The application of procedures designed in high latitude vegetation types of the northern hemisphere to estimate pollen productivity in the low latitudes of South America is challenging but possible. This study shows that it is possible for the Araucaria forest-grassland mosaic of southern Brazil, while documenting several problems for this particular vegetation type. Poaceae is the most overrepresented taxon in the Araucaria forest-grassland mosaic of southern Brazil. Grasses occur in all vegetation types with different cover abundance, while their pollen proportion in surface samples is not providing clear differences between forest and open areas. Locally open vegetation types can be detected by Baccharis-type pollen indicating open conditions and Araucaria and Celtis pollen indicating woodland.

Similarities in R-values and PPEs between regions document that pollen production of individual species within the large plant families of Poaceae and Asteraceae is similar, allowing the application of resulting PPEs on the broader region. Conversely the forest group consisting of trees from different families showed a different behaviour between the study areas. Here it seems necessary to develop PPEs for at least groups of trees with similar pollen dispersal syndromes. The dioecious nature of A. angustifolia hampers estimating pollen productivity of this iconic tree. The obtained productivity of 0.8 with respect to Poaceae is lower than the pollen productivity of the general forest, resulting in the tree being underrepresented by its pollen even though it is wind-pollinated.

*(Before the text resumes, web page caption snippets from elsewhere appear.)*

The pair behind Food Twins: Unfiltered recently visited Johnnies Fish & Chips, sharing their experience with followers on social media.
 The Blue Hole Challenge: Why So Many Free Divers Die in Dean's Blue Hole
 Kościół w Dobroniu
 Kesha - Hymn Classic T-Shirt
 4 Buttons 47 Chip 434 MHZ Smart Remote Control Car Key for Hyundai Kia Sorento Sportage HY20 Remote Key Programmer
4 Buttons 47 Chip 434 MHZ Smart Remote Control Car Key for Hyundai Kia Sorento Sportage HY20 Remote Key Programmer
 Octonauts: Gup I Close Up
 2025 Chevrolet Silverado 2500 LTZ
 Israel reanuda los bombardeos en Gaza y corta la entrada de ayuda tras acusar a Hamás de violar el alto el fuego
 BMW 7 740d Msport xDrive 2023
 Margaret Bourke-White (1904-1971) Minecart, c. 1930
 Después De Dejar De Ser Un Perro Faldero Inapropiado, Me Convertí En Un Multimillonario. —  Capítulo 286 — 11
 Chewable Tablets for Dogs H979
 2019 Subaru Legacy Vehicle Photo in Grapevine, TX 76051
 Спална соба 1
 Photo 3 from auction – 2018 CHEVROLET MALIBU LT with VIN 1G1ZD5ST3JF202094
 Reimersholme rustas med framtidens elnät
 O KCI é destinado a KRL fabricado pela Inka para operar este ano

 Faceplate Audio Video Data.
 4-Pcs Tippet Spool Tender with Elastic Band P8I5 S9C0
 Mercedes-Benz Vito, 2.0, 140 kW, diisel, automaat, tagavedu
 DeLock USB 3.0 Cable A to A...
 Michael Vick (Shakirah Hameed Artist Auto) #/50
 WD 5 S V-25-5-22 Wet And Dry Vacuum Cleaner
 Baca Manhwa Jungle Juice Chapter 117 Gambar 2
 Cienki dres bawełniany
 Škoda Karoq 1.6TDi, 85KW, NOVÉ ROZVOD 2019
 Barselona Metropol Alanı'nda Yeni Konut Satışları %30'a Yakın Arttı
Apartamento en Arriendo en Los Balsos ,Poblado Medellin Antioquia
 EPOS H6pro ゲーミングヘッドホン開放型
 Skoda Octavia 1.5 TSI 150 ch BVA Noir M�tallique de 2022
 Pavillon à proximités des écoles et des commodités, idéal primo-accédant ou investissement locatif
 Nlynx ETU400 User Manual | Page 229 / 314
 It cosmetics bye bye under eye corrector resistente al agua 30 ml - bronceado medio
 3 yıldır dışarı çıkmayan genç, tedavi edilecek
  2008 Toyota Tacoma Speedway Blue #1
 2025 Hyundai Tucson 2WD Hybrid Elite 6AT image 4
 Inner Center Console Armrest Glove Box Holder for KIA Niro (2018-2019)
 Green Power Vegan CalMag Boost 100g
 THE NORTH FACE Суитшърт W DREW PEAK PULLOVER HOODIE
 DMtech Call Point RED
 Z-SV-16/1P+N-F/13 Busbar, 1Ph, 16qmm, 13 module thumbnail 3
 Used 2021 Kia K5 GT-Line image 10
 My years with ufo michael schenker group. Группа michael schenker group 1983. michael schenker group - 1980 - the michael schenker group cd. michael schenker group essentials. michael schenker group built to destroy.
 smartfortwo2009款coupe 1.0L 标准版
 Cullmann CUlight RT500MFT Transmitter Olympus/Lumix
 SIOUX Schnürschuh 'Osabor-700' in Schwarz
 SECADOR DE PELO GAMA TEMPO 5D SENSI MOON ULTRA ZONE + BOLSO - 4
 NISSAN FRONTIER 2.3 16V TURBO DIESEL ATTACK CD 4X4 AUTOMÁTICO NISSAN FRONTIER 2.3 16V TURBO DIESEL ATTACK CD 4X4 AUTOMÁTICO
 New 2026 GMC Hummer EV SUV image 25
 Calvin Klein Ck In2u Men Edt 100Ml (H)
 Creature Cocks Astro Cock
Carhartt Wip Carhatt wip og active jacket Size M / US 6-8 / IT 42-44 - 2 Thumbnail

The application of pollen dispersal models designed for closed canopies in the natural parkland situation with pollen released at different levels may explain some difficulties in estimating PPEs. Further model development needs to include the effect of pollen release at different heights.

The insights and obtained PPEs for 6 major pollen taxa are now available for exploring the increasing number of pollen diagrams from the region and perhaps refining previous interpretations.